WORK REQUEST → Only one stretch of the listing below is wanted. Begin at the line that has "Meteor shower on the night sky", stop after the line that has "bella Baumwollwatte, 6", and repeat every line in between exactly.

MATERIALS PROVIDED →

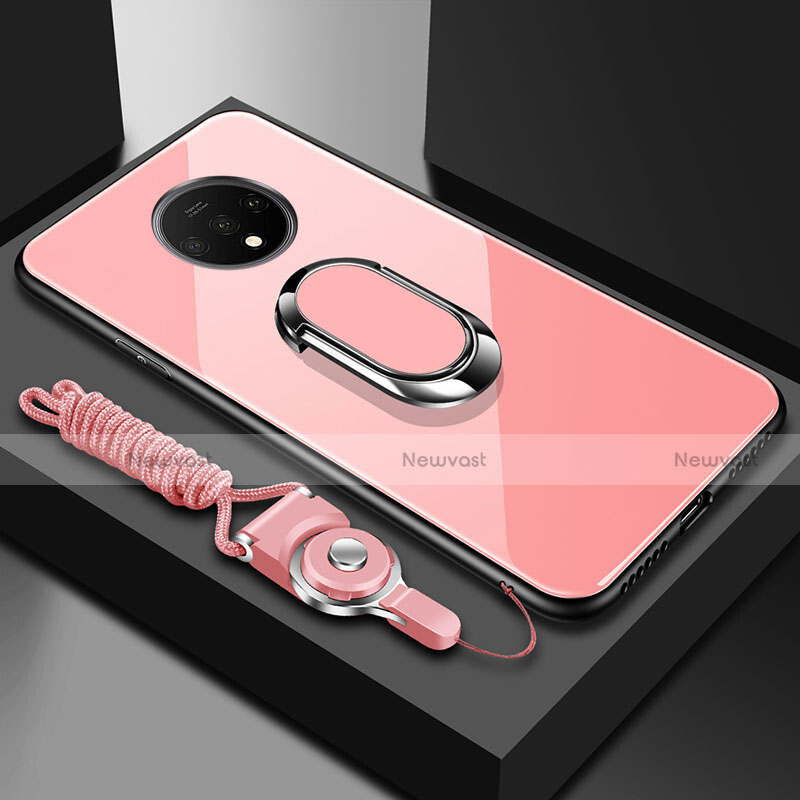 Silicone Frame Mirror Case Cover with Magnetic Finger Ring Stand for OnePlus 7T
==
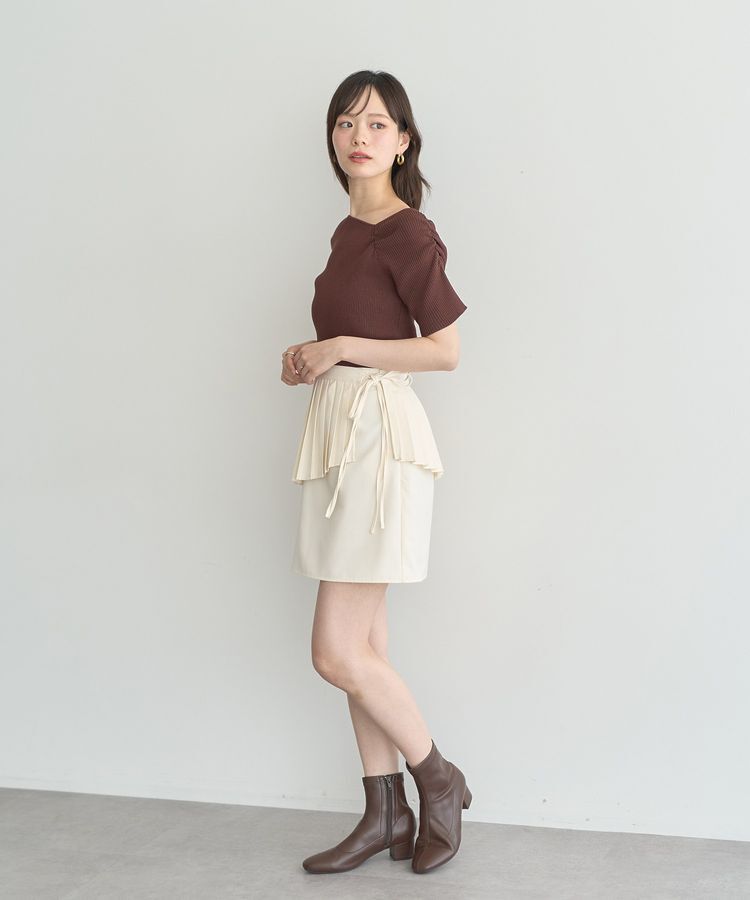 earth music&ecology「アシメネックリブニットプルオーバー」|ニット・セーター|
...
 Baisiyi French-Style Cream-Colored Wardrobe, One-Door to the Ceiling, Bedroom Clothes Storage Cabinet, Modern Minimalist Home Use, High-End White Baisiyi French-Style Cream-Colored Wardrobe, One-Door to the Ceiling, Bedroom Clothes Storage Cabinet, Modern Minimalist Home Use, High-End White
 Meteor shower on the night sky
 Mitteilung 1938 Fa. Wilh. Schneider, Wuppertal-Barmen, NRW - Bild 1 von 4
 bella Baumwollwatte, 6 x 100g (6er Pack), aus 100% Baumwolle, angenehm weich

TASK OUTPUT →
 Meteor shower on the night sky
 Mitteilung 1938 Fa. Wilh. Schneider, Wuppertal-Barmen, NRW - Bild 1 von 4
 bella Baumwollwatte, 6 x 100g (6er Pack), aus 100% Baumwolle, angenehm weich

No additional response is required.